Lage von Wiarden in Niedersachsen

Kirche St. Cosmas und Damian Wiarden von Osten
Kirche St. Cosmas und Damian Wiarden von Osten

Das Warfendorf Wiarden ist ein Ortsteil der Gemeinde Wangerland im niedersächsischen Landkreis Friesland. Neben einigen Einzelgehöften umfasste das ehemalige Wiarder Kirchspiel das eigentliche Dorf sowie den Wiarder Binnendistrikt und den Wiarder Grodendistrikt. 1933 wurde die ehemals selbständige Gemeinde Wiarden aufgelöst und in die wangerländische Gemeinde Minsen eingegliedert; seit 1971 gehört Minsen (und damit auch Wiarden) zur neugebildeten Gemeinde Wangerland.

Name[Bearbeiten | Quelltext bearbeiten]

Wiarden wurde laut der Chronica Jeverensis (1592) zum ersten Mal 1155 urkundlich erwähnt. Im Jahr 1324 lautet der Ortsname Wyarthe, 1449 Wyrden, ein Jahr später Wygerden, dann 1684 Weyern und schließlich ab 1800 Wiarden. Nach Arend Remmers unterstützen die Varianten die Annahme, dass der Name eine Ableitung vom altfriesischen werth, werd ist und damit Insel beziehungsweise Anhöhe im Feuchtgebiet bedeutet. Er vermutet, dass der Ortsname bereits früh an den Personennamen Wiard angeglichen worden ist.[2]

Geschichte[Bearbeiten | Quelltext bearbeiten]

Die Anfänge Wiardens liegen im Dunkeln. Carl Woebcken vermutete, dass eine erste Besiedlung des Wiardener Raumes um Christi Geburt erfolgte. Er berief sich dabei auf geologische Befunde. Danach ist die Wiardener Dorfwarf Teil einer sogenannten Warfenkette, zu der auch der Wohnplatz Aukens gehört. Eine Aneinanderreihung von Warfen bedeutet zweierlei: Zum einen, dass in der Nähe solcher Warfen ursprünglich ein Flussufer oder eine Meeresküste nicht weit entfernt gewesen ist; zum anderen zeigen solche Warfenketten, dass es sich hier um frühe Marschsiedlungen handelt. Dabei sind die heutigen Warften erst im Laufe der Jahrhunderte entstanden. Zuerst standen die Häuser auf flacher Ebene. In Wiarden erkennt man noch heute, dass sie ursprünglich einen Ring gebildet haben. Damit gehört Wiarden mit dem wangerländischen Ziallerns, dem Krummhörner Rysum und anderen Siedlungen zu den sogenannten Rundlingen.[3]

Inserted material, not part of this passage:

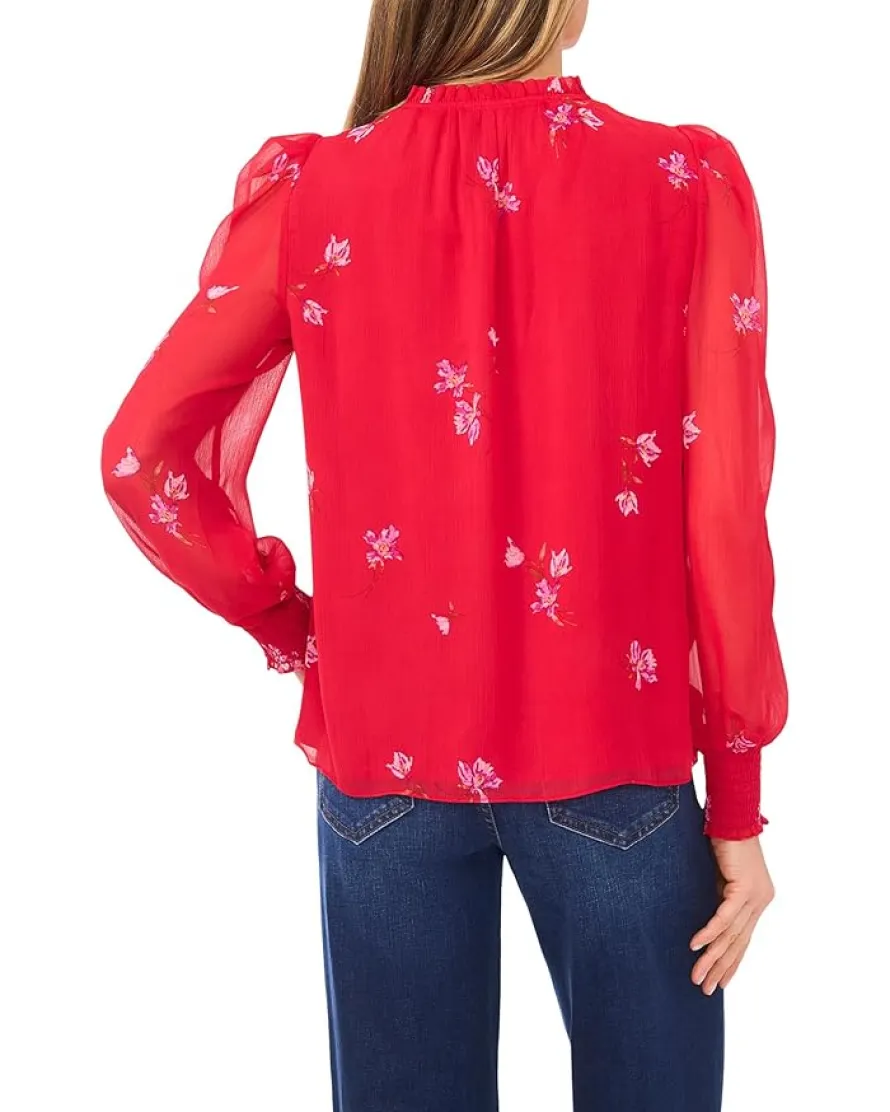 CeCe Smocked Cuff Ruffle Tie Neck Top Women's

Ansichtskarte von Wiarden (vor 1912)

Eine legendarische Erzählungen berichtet, der Bremer Erzbischof Adaldag (ca. 900–988) habe zu seinen Lebzeiten eine Kapelle in Wiarden errichten lassen.[4] Ältestes noch erhaltenes Bauwerk des Ortes ist die Kirche St. Cosmas und Damian. Sie soll bereits um 1164 bestanden haben. Für das Kirchenschiff, das mit Granitquadersteinen erbaut worden ist, könnte die Zeitangabe durchaus richtig sein. Die aus Klosterformatsteinen gefertigte Chorapsis stammt allerdings erst aus dem 15. Jahrhundert. Bei archäologischen Grabungsarbeiten in der Nähe der Granitquaderkirche stieß man auf mögliche Reste einer Rund 300 Jahre älteren Vorgängerkirche aus Holz.[5]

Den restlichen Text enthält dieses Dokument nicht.